The report was accompanied by more bad news on Wednesday, in the form of Amir Hossein Zamaninia, deputy oil minister for trade and international affairs for Iran, announcing that the Islamic republic's output will rise to about 4 million bpd by the end of this year (it currently produces about 3.8 million bpd).

Still, some experts take a dim view of the prospect that OPEC might consider deepening its cuts in order to improve market conditions: "Even if OPEC countries cut their production further and even if this causes prices to go up for a while, U.S. production will come to pressure the prices once again,” said Fatih Birol, executive director of the International Energy Agency.

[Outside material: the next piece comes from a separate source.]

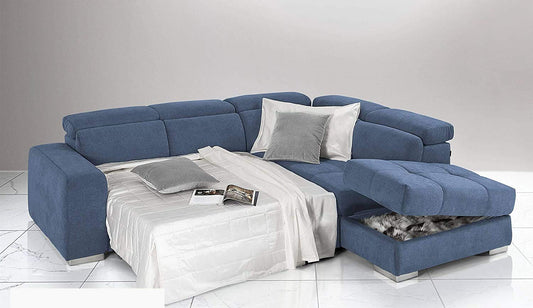 Dafne Italian Design Divano Letto angolare 3 posti con penisola a Destra. Tessuto Romeo Denim (cm. 266 x 230 x 94h)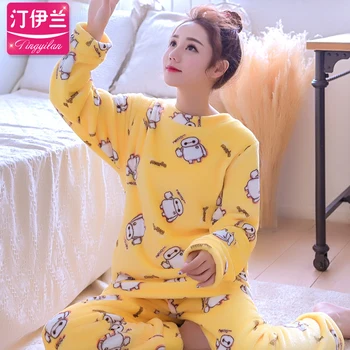 Korejski Lepe Ženske Pižame Jeseni, Pozimi Homewear Oprema Flanela Dolgo Oplaščeni Obleko Debele Coral Runo Sleepwear B-5987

Still, there's a growing consensus even among the most unlikely of candidates that some form of action must be taken: Emmanuel Kachikwu, oil minister for Nigeria, indicated that he is willing to cap production once his country can pump 1.8 million bpd without incurring militant attacks: “As a serious member of OPEC, we stand ready to support the cuts when we are sure that we can have a stable predictable production; you have to watch it for a couple of months to be sure that what you see as peace is in fact sustained."

Attending the World Petroleum Congress in Istanbul, Alexander Novak, oil minister for Russia, said of the OPEC cutback initiative, "If necessary, we can extend the agreement; if necessary, we can increase the amounts that need to be reduced or on the contrary, we can move to reduce them."

And then there are the ceaseless predictions that U.S. shale is heading for a drop, the latest forecast coming from Dan Yergin, vice chairman at IHS Markit, who told CNBC, "We will still see U.S. shale continuing to grow and being an important part of the supply, but I think this year you've got this really powerful rebound and it's baked in for the rest of the year."

He added that shale will experience "nowhere near as much growth" in 2018.

It's interesting to note that Yergin and Novak made headlines earlier this week by seeming to offer a new mindset with regards to the crude market, with both of them suggesting that oil in the $50s is the new norm and a fair value for the commodity.